REQUIRED ACTION> Starting at the line with "A standard channel" and ending at the line with "This is the", print exactly the lines of the entries below. Pictures do not belong in the copy.

INFORMATION SUPPLIED>
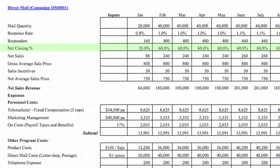Net closing percentage is the percentage of those responders who actually purchase your product or service and the sales stick. If your situation requires a cooling-off period or you usually experience returns, you should include a gross close percentage, as well as a cancellation number and cancellation percentage in your budget to reach the net sales percentage. If you need to include these metrics, be sure to also include any associated costs on the cost side of the budget.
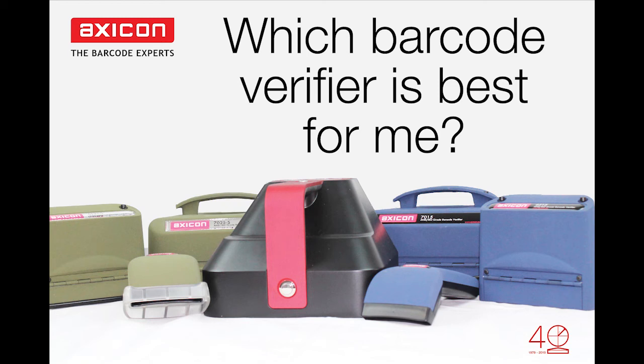Hello and welcome to the Axicon videos. Today I'm going to explain how to choose which verifier you need.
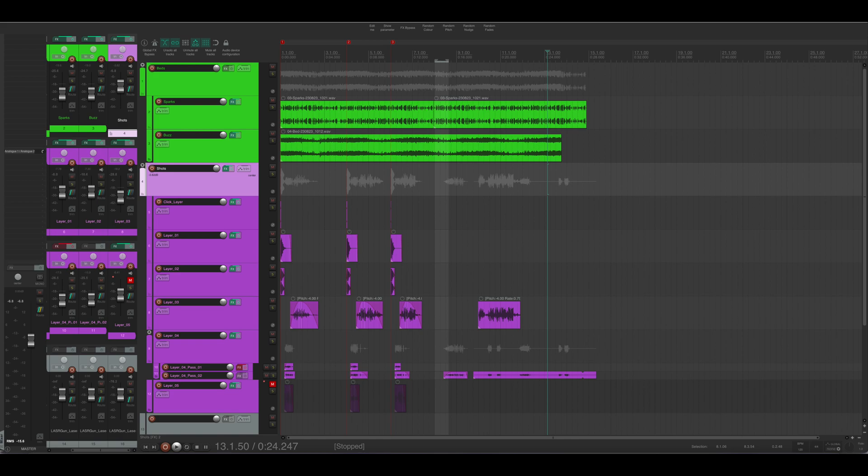As you can see they are layered throughout with color coding for organizational purposes. And in the next section I'm just going to let the Reaper Project play so you can hear what I initially came up with.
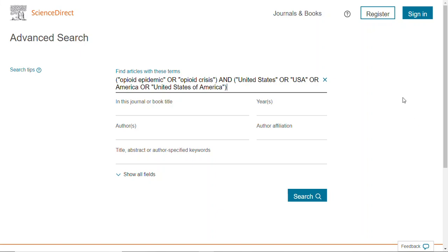Think of the parentheses as the notation for each line. If you were to go into Academic Search Complete and enter your terms, each separate line is a separate set of parentheses. So "opioid epidemic" and "opioid crisis" would be on a separate line from "United States," "USA," "America," or "United States of America." The ORs are inside the parentheses and the AND is outside, so you're telling the database to include both sets of parentheses but pick any term from either set.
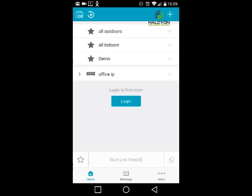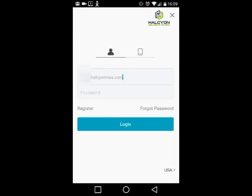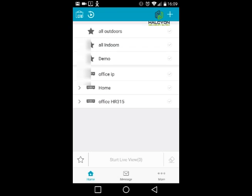If you use the Hikvision Hikconnect free services, you'll need to log in. After entering your username and password and clicking login, you will see the sites added to your account.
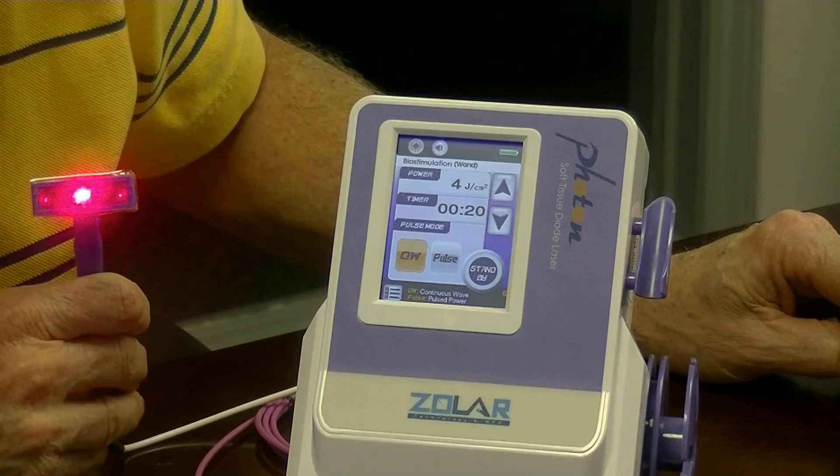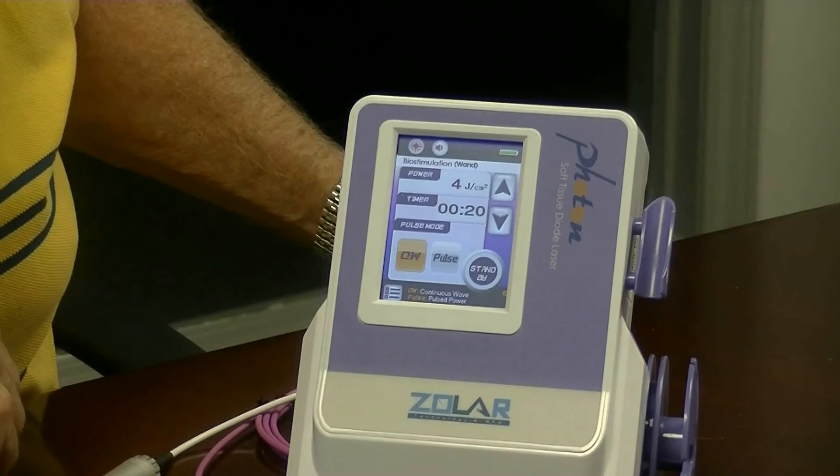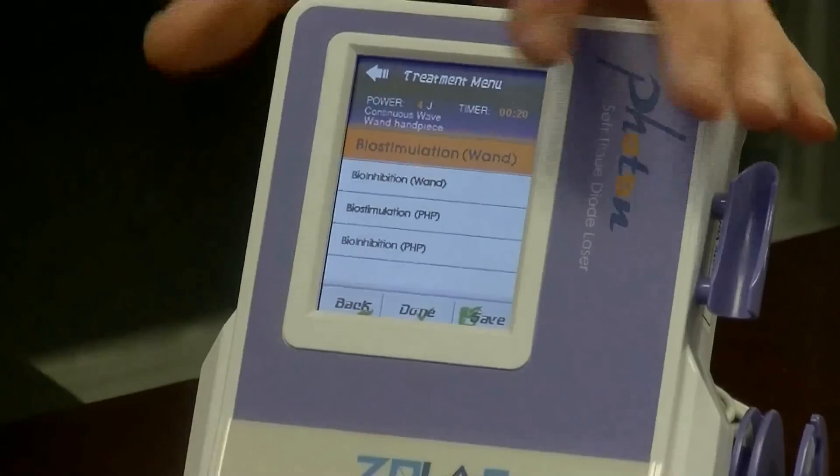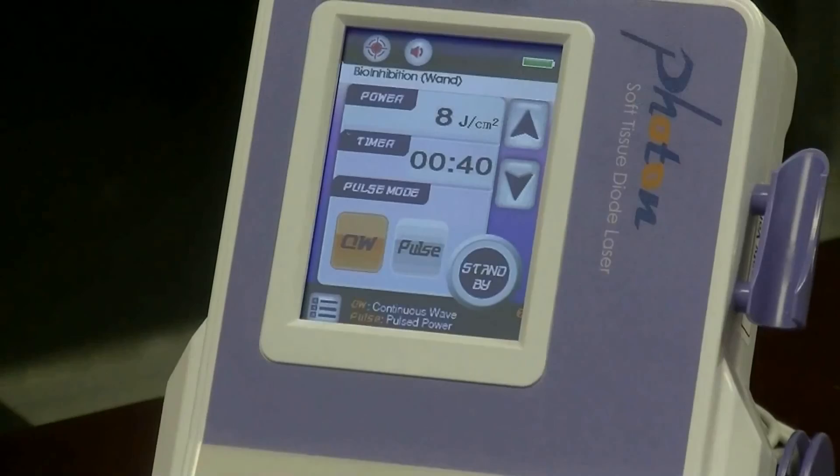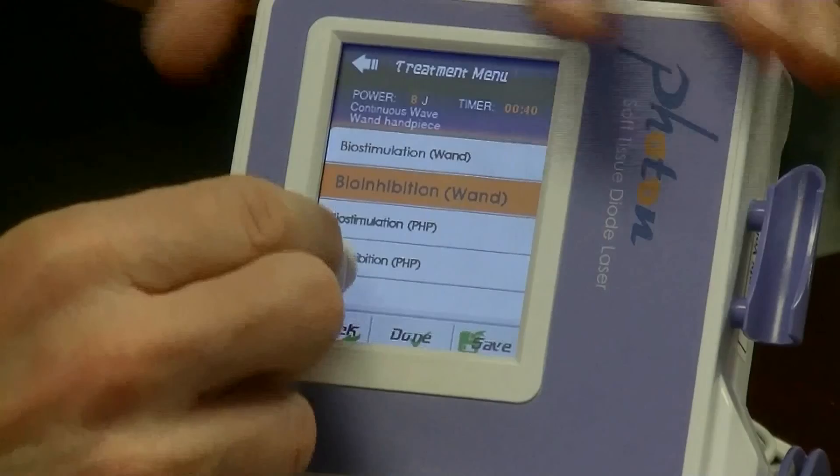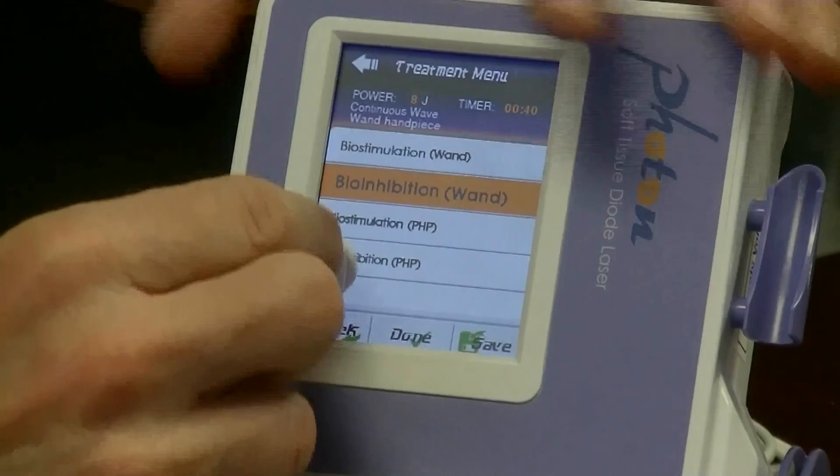If you keep pressing the foot control after it finishes, nothing happens — so you can't accidentally apply too long. You also can't change the settings, as these are all factory presets. Going back to the menu, Bioinhibition gives eight joules for 40 seconds. Bioinhibition with the handpiece is exactly the same 20 seconds for the stimulation dose. So it's basically foolproof. Learn more and come — it's really going to be a tremendous boon to your practice.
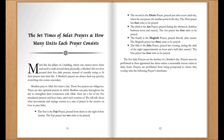Here is a list of the five mandatory prayers and how many units each consists of. We will talk about what movements and sayings consist in a unit of prayer in the section on how to pray Salat. The first is the Fajr prayer, prayed from dawn to the moment right before sunrise. The Fajr prayer has two units to be prayed.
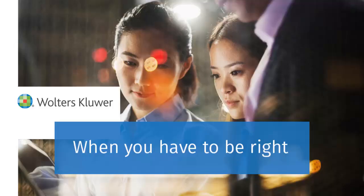This concludes the video for entering the recovery rebate credit for line 30 in a 1040 return using worksheet view.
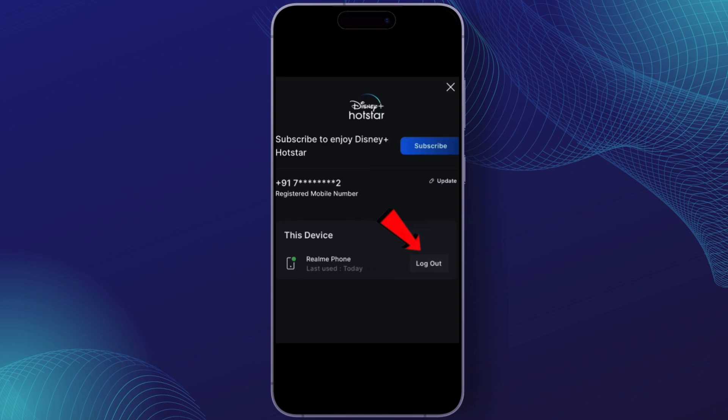If you see a device that you no longer use or want to remove, just click on the Remove button next to it, confirm the removal, and that device will no longer be able to access the account. And that's it — now you know how to manage your devices on Disney Plus.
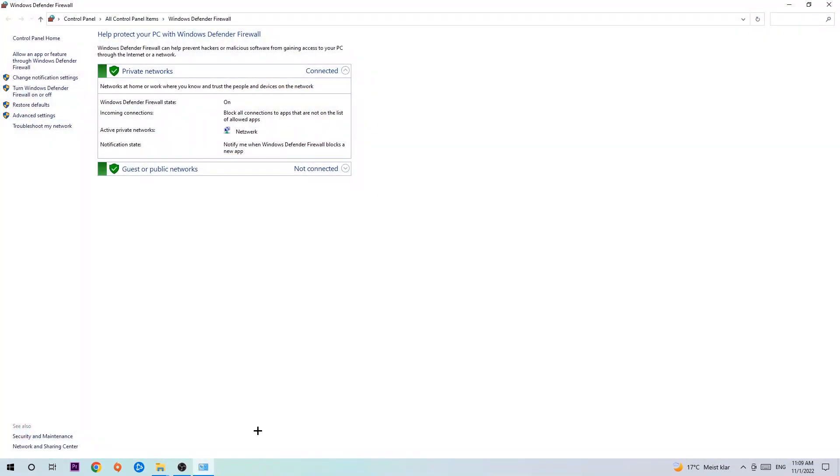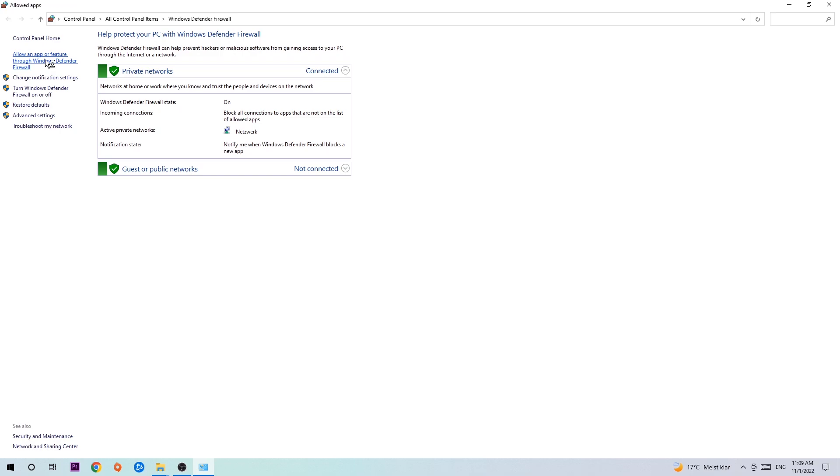Once it pops up, navigate to the top left corner, click on the second link where it says 'Allow an app or feature through Windows Defender Firewall.' Click on that and once this tab pops up, navigate to the right-hand side and click on 'Change settings.'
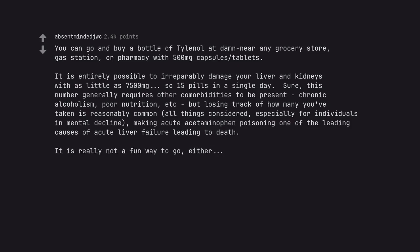making acute acetaminophen poisoning one of the leading causes of acute liver failure leading to death. It is really not a fun way to go either. Work in dialysis, can confirm.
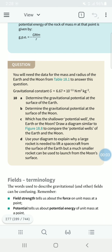Physics chapter 18, question number 10. You will need the data for the mass and radius of the Earth and the Moon from table 18.1 to answer this question. The gravitational constant G equals 6.67 × 10 to the power minus 11 newton meter squared per kilogram squared. Determine the gravitational potential at the surface of the Earth.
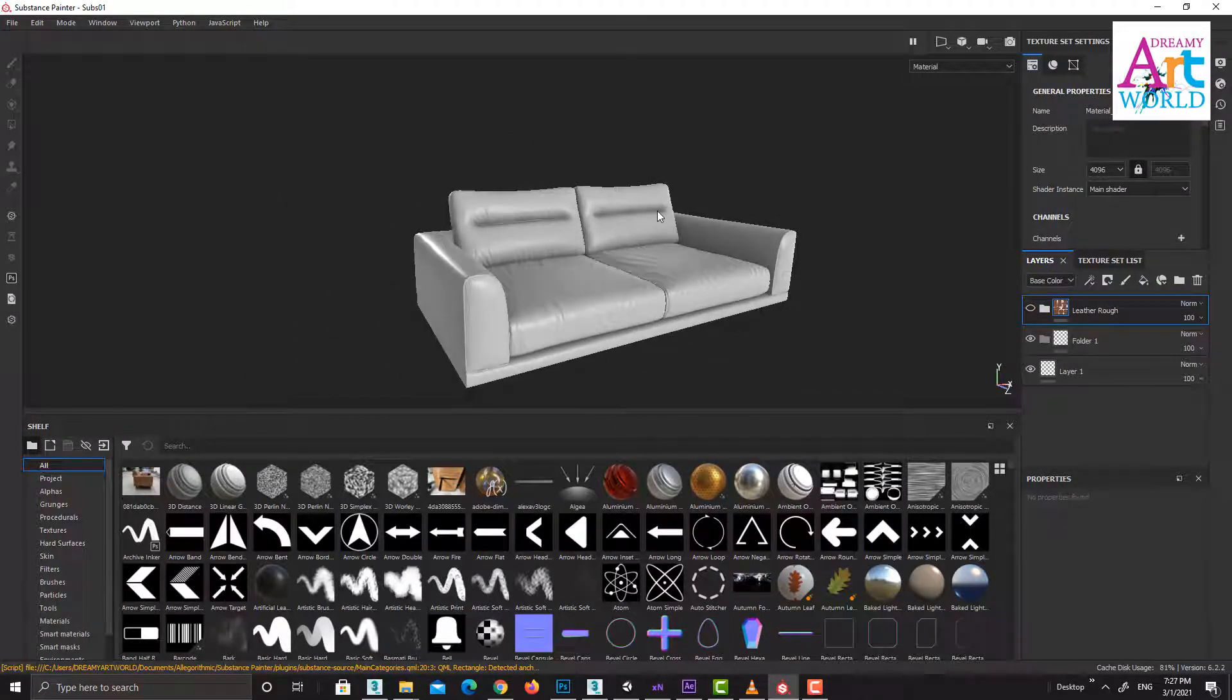Hello friends, here we are going to learn the basic navigation in Substance.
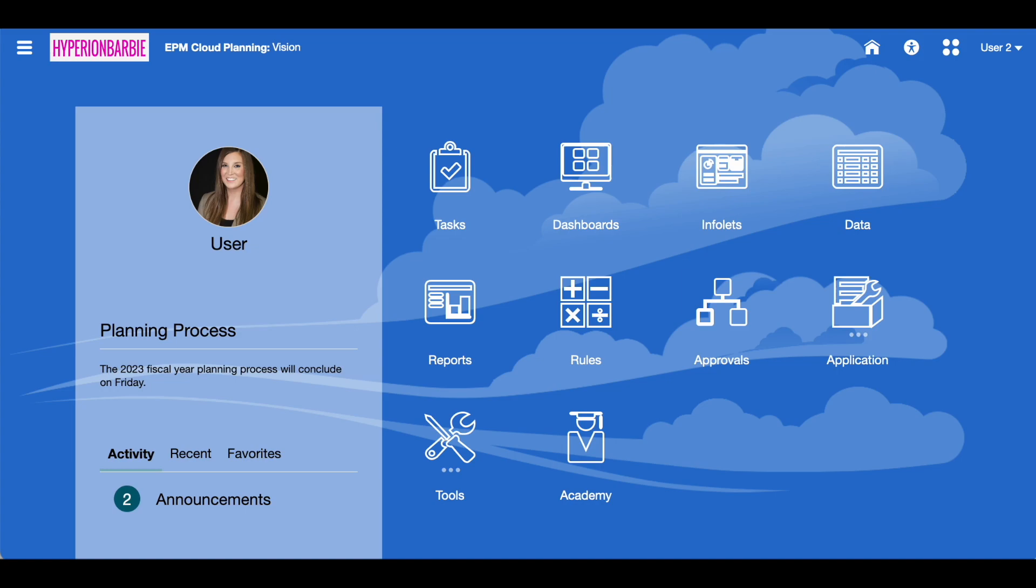I'm doing my very first Oracle EPM video for you today and we're going to go over the new data integration pipeline feature that just came out in June of 2023 in the patch set update for Oracle EPM data integration.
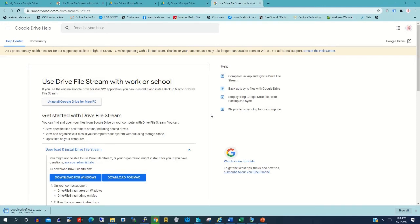Now we have downloaded the Drive executable file and now we are going to install it on our PC. There is the downloaded file — the executable file for Google Drive — that will be installed on the desktop.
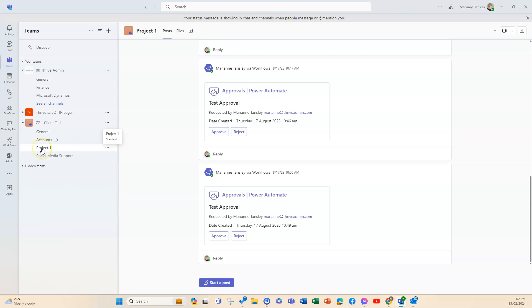A standard channel or a public channel is the one that you would see normally when you create any new channels, and they're open for all team members. Anything posted is searchable and by default all members of a team can create those standard channels.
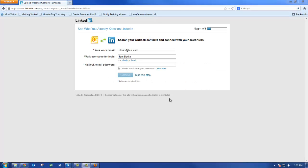If you'd like to import some Outlook contacts, fill out the information on this screen. Otherwise skip the step.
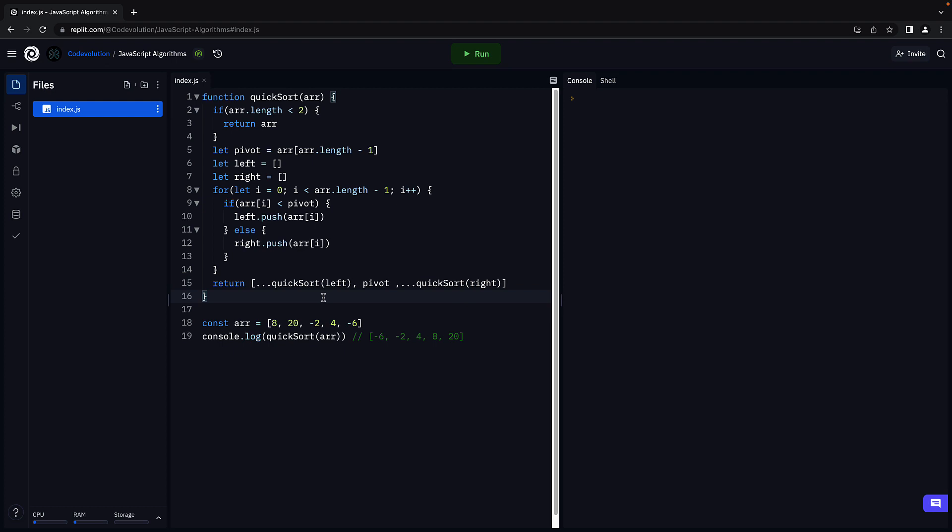This is the quicksort algorithm in JavaScript. Let's verify by running the code. We see the sorted array. Our code works as expected.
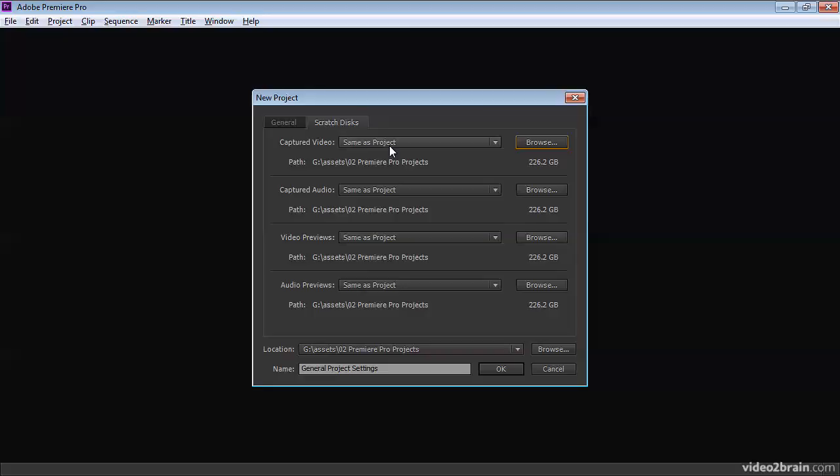If your project file is stored on a reasonably fast hard drive, let's say you've got a dedicated media drive, then this means that all of your media, whether it's captured video or audio or video or audio previews, all of it is going to be inside the same location as your project file.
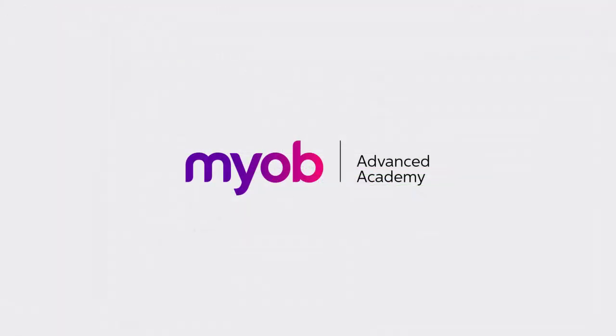And that's the end of our look at streamlining the sales process with quick processing and bulk operations. If you want to learn more, visit the MYOB Advanced Education Center, or see the other videos in our Advanced Academy series. Thanks for watching.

TASK SOLUTION>
A standard channel or a public channel is the one that you would see normally when you create any new channels, and they're open for all team members. Anything posted is searchable and by default all members of a team can create those standard channels.
If you'd like to import some Outlook contacts, fill out the information on this screen. Otherwise skip the step.
This is the quicksort algorithm in JavaScript. Let's verify by running the code. We see the sorted array. Our code works as expected.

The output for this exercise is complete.